YOUR ASSIGNMENT: Every line from the one with "Natural white flower bead earrings" through the end of the entries below should be written out exactly; the pictures should not.

INFORMATION PROVIDED:

------------------------------------------------------------------------

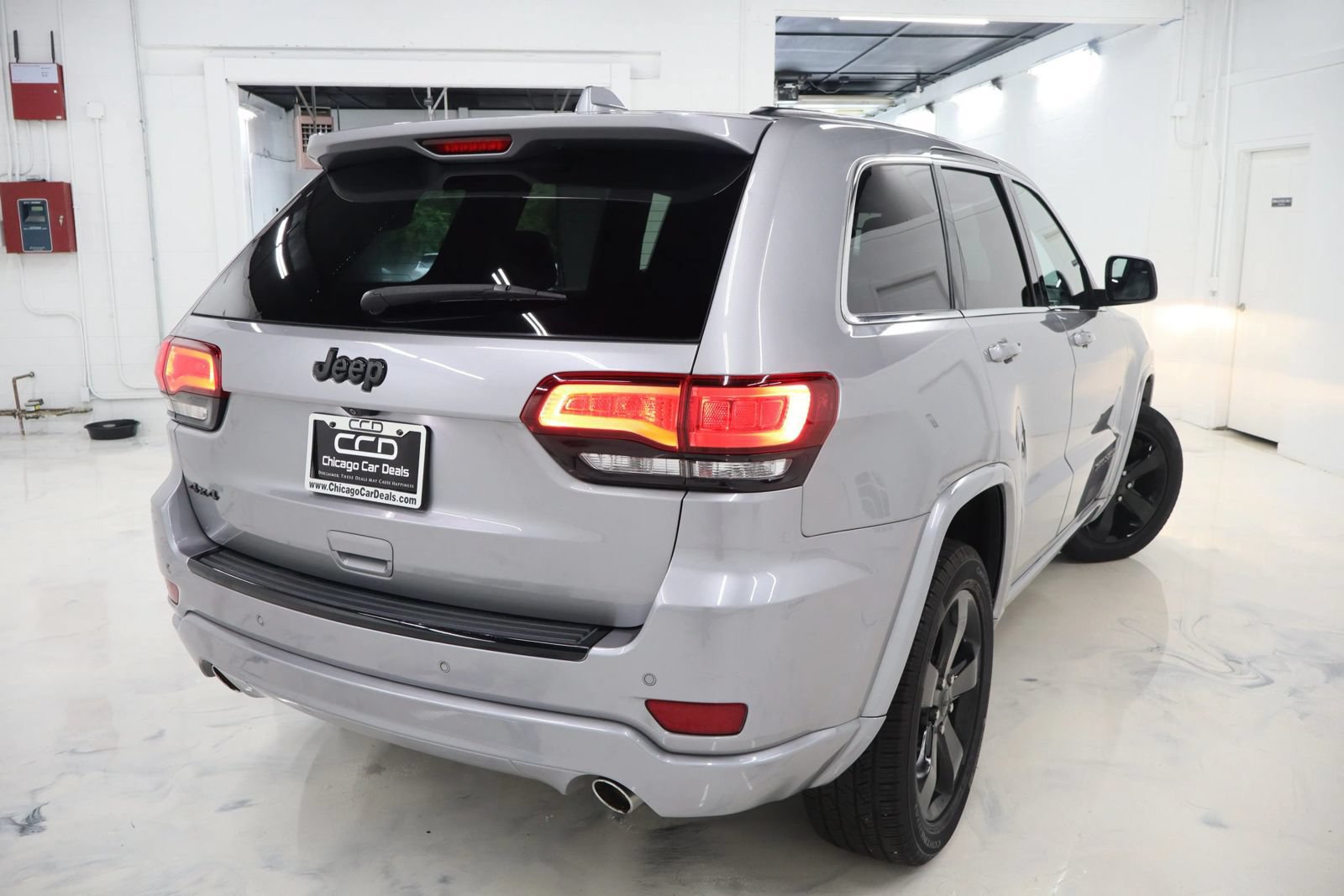 Used 2015 Jeep Grand Cherokee Altitude AWD/4WD image 9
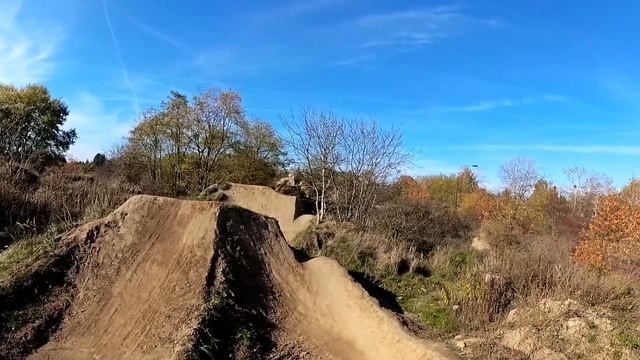 ПЕРВЫЙ РАЗ НА BMX НА БОЛЬШИХ ДЁРТАХ | BMX БУДНИ смотреть онлайн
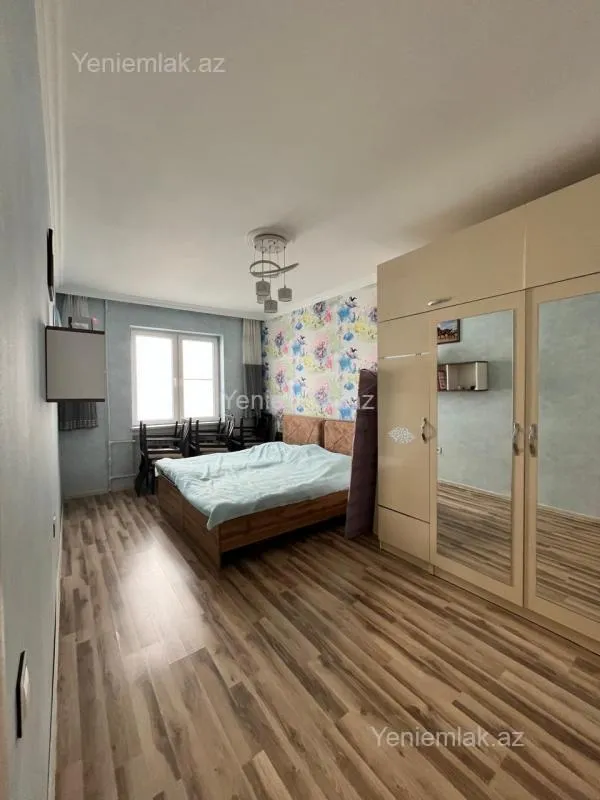 Satılır 3 otaqlı köhnə tikili 75 m²
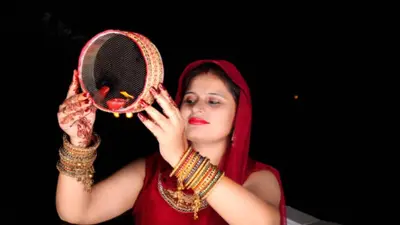 Karwa Chauth 2023: सुहाग का पर्व करवा चौथ कल, सर्वार्थ सिद्धि योग में सुहागिन रखेंगी व्रत, यहां जानें सबकुछ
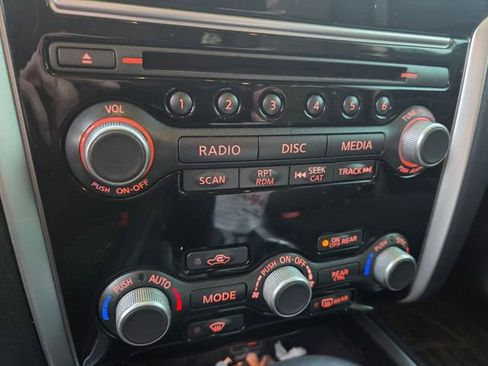 Used 2020 Nissan Pathfinder SV image 12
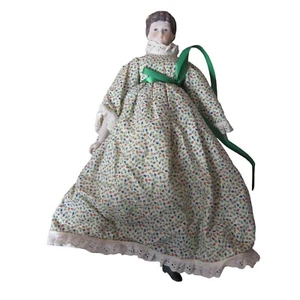 Muñeca Victoriana Porcelana 15" Vestido Floral Tinte Verde Slip Pantaloon - Imagen 1 de 9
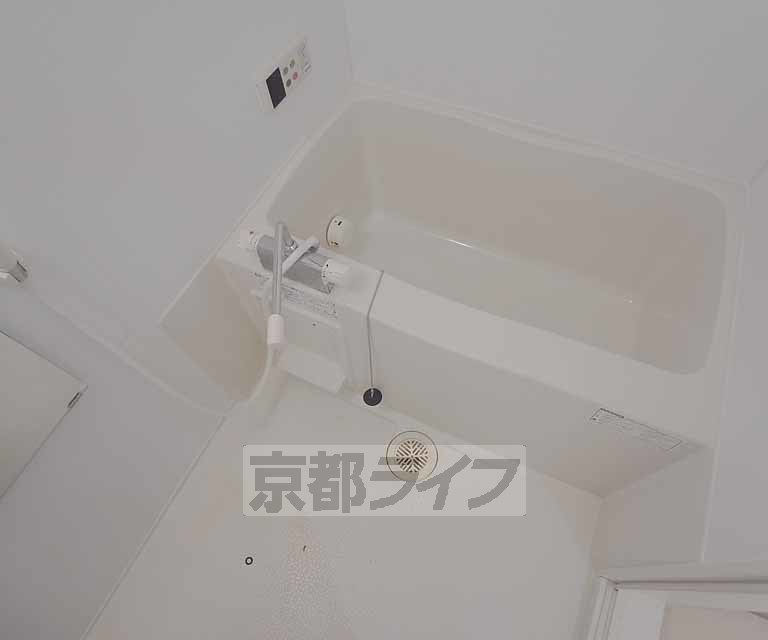 バス・シャワールーム　２０２号室の写真です。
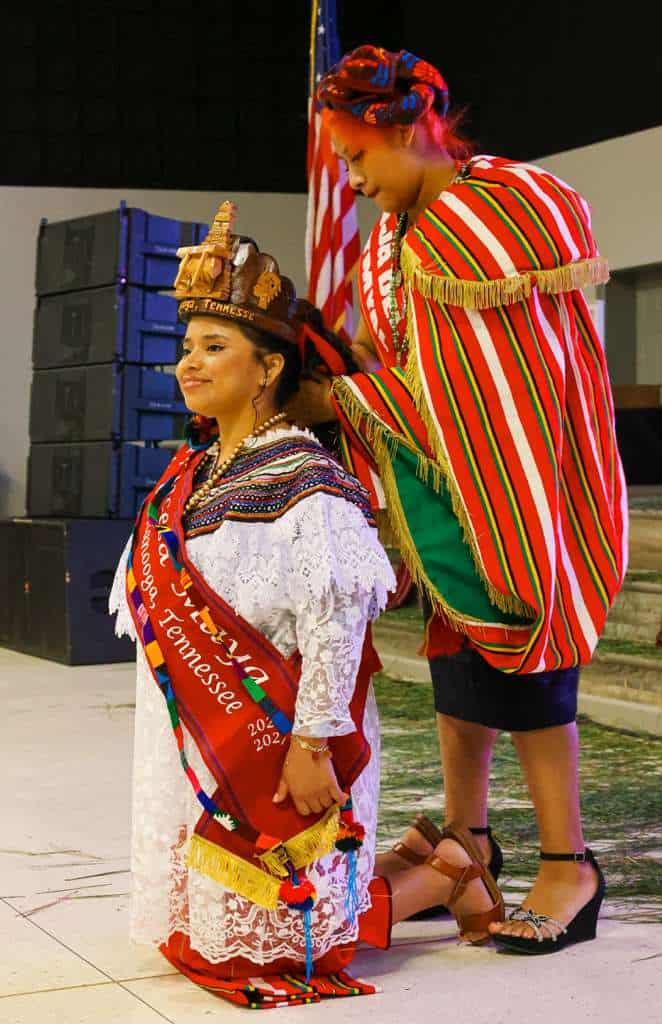 El momento de la coronación de la primera Princesa Maya en Chattanooga, Tennessee fue muy emotivo y esperado.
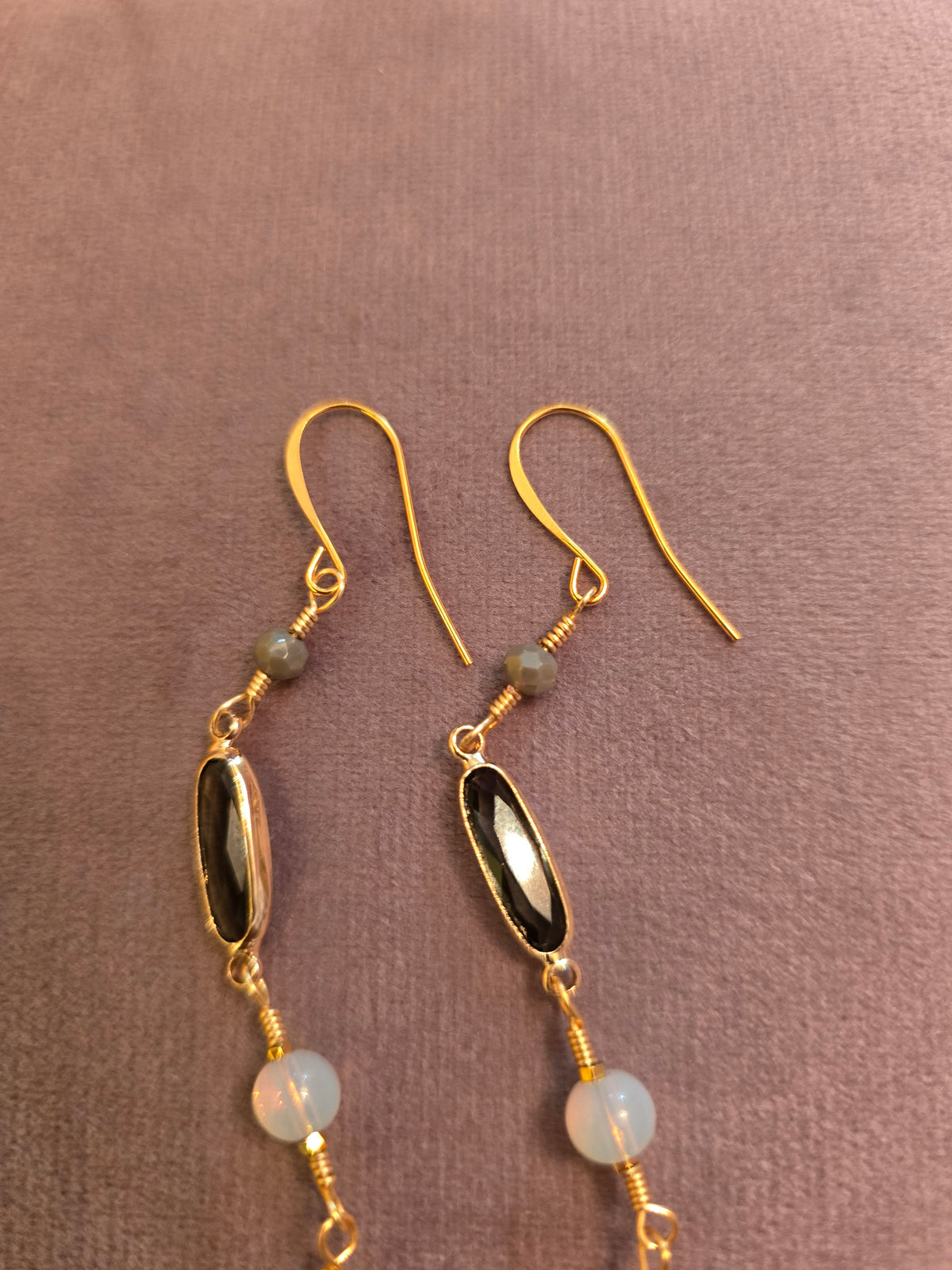 Natural white flower bead earrings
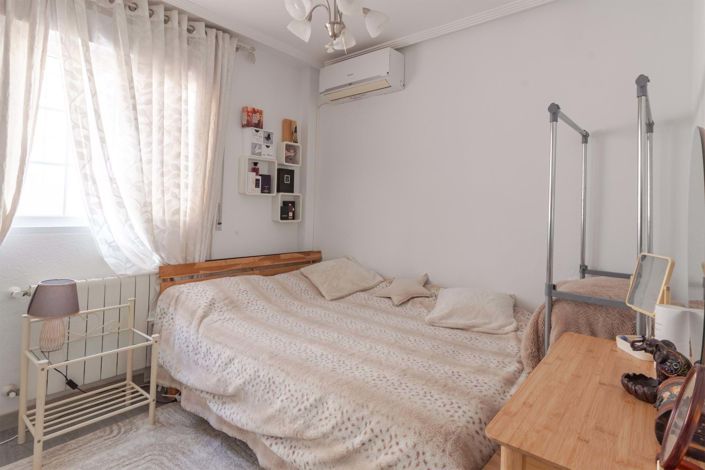 Image No.35-Villa de 4 chambres à vendre à Orihuela Costa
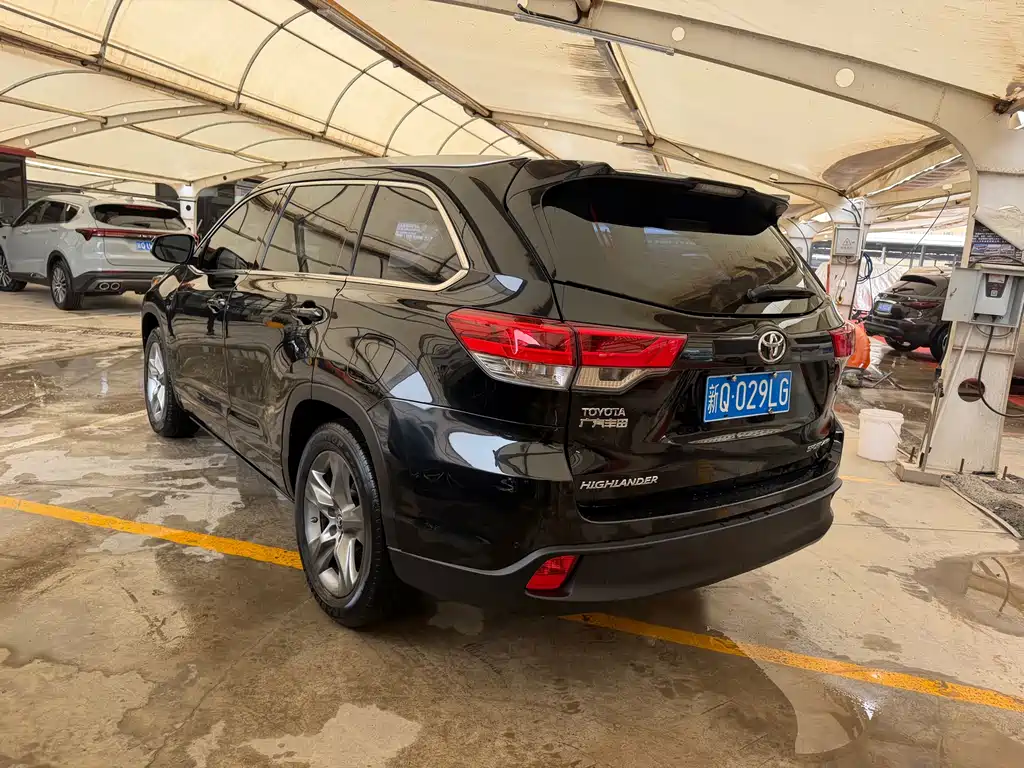 TOYOTA HIGHLANDER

------------------------------------------------------------------------

EXERCISE RESULT:
 Natural white flower bead earrings
 Image No.35-Villa de 4 chambres à vendre à Orihuela Costa
 TOYOTA HIGHLANDER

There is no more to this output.